Deliberation of the bill at the National Assembly featured a heated debate and other intrigues over the location of the headquarters of the proposed commission, before Maiduguri, the Borno State capital was eventually agreed on.
Ahead of the takeoff of the commission, interest groups in the region have also started jostling for positions on its board with a view to potentially influencing its activities in the areas of determination of projects and disbursement of funds.
Expressing his gratitude to the UN system for its interventions, Mr. Shettima said the state had not been getting its fair share of the supports coming from the international donor agencies because of bogus claims he said were being made by other states.

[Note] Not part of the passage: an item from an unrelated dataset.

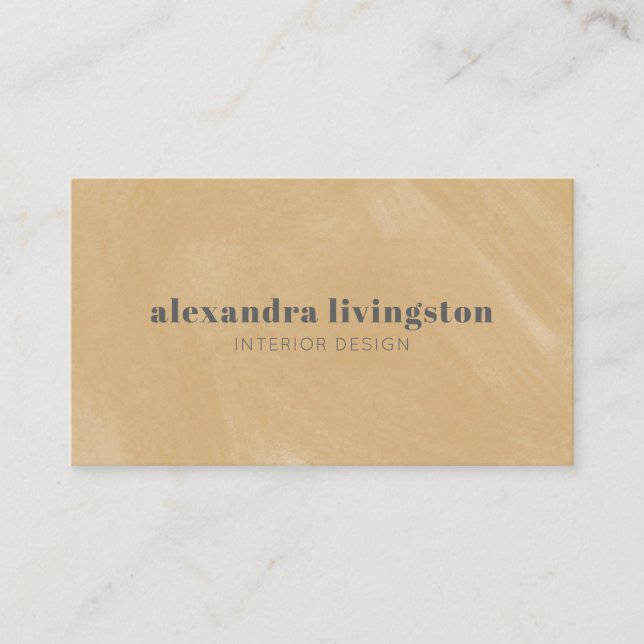 Modern Warm Earthy Tan Brown Minimalist Nature Business Card (Front)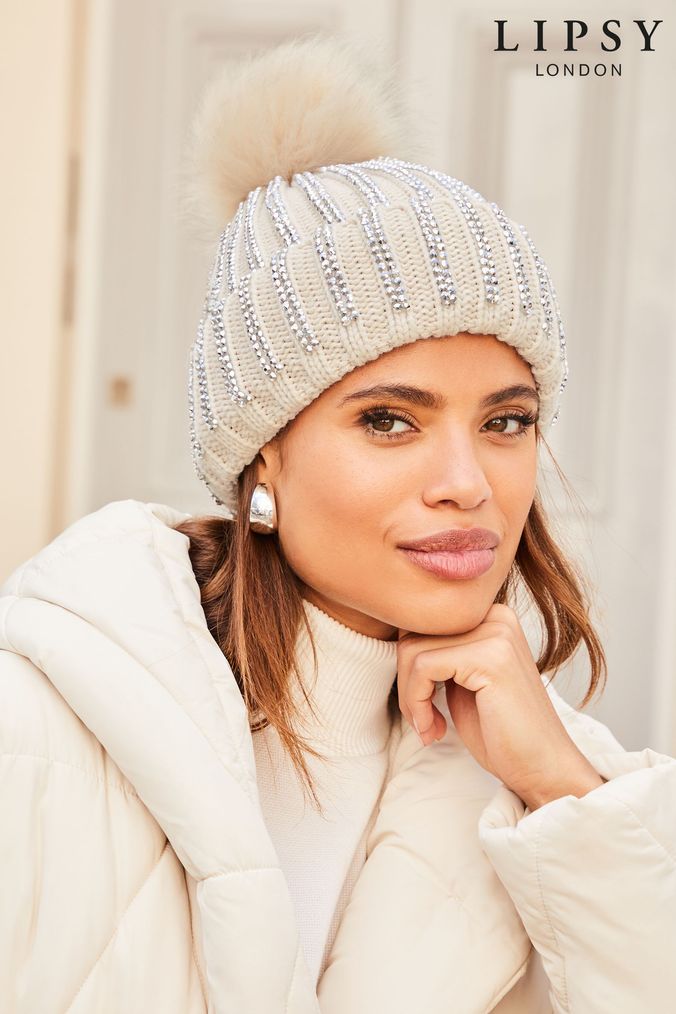 Embellished bobble hat hot sale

“We truly appreciate your efforts. But we really need you to step up your activities in the state because Borno, most sadly, is the nerve center of Boko Haram; but when it comes to goodies, you will be seeing states that suffer the least, exaggerating the sufferings inflicted on their society by Boko Haram as if such a thing is a badge of honor.

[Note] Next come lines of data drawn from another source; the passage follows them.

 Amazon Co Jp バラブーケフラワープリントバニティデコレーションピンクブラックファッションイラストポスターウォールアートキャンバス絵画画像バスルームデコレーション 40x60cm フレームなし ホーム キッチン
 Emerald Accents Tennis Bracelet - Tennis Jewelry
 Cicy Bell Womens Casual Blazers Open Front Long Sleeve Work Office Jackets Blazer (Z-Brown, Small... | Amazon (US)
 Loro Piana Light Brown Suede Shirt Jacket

“To me, I am not proud to say Borno state is the nerve center of Boko Haram. But states where, one, two or three local government are occupied by Boko Haram will exaggerate it and say up to ten of their local government areas had been occupied by Boko Haram; or you hear them saying 15 local government areas were conquered by Boko Haram in Adamawa state, or in Yobe state or in Taraba state.

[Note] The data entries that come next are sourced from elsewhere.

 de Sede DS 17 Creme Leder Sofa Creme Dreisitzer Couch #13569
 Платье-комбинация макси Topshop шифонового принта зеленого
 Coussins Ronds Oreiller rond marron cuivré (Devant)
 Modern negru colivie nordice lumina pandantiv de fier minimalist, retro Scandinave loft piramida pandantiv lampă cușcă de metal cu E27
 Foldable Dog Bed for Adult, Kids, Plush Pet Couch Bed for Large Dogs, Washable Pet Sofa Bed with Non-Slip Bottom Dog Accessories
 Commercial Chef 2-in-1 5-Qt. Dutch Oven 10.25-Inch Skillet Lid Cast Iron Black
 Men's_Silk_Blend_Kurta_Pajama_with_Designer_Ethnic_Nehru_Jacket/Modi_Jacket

“People are even exaggerating the numbers of IDPs they have. And mind you, if you go to Adamawa, the IDPs are from Borno state; just like if you go to Cameroon, the Nigerian refugees there, 95 percent of the IDPs are from Borno state; so also in Niger Republic. But it is not for me to say they should be denied any support.
“However any support you give us, you are just here to complement our efforts. We in Borno are very proud and self-contented people. We will never beg any organisation or group for support; rather we will implore on them on a pedestal of equality to assist our people in these our hours of need”.
The governor lamented the toll of the insurgency on children and women, who constitute the most vulnerable groups in society.
“Women and children bore the brunt of this madness called Boko Haram; women are the victims of gender-based violence, and they really need psychosocial support to overcome their trauma”, said Governor Shettima.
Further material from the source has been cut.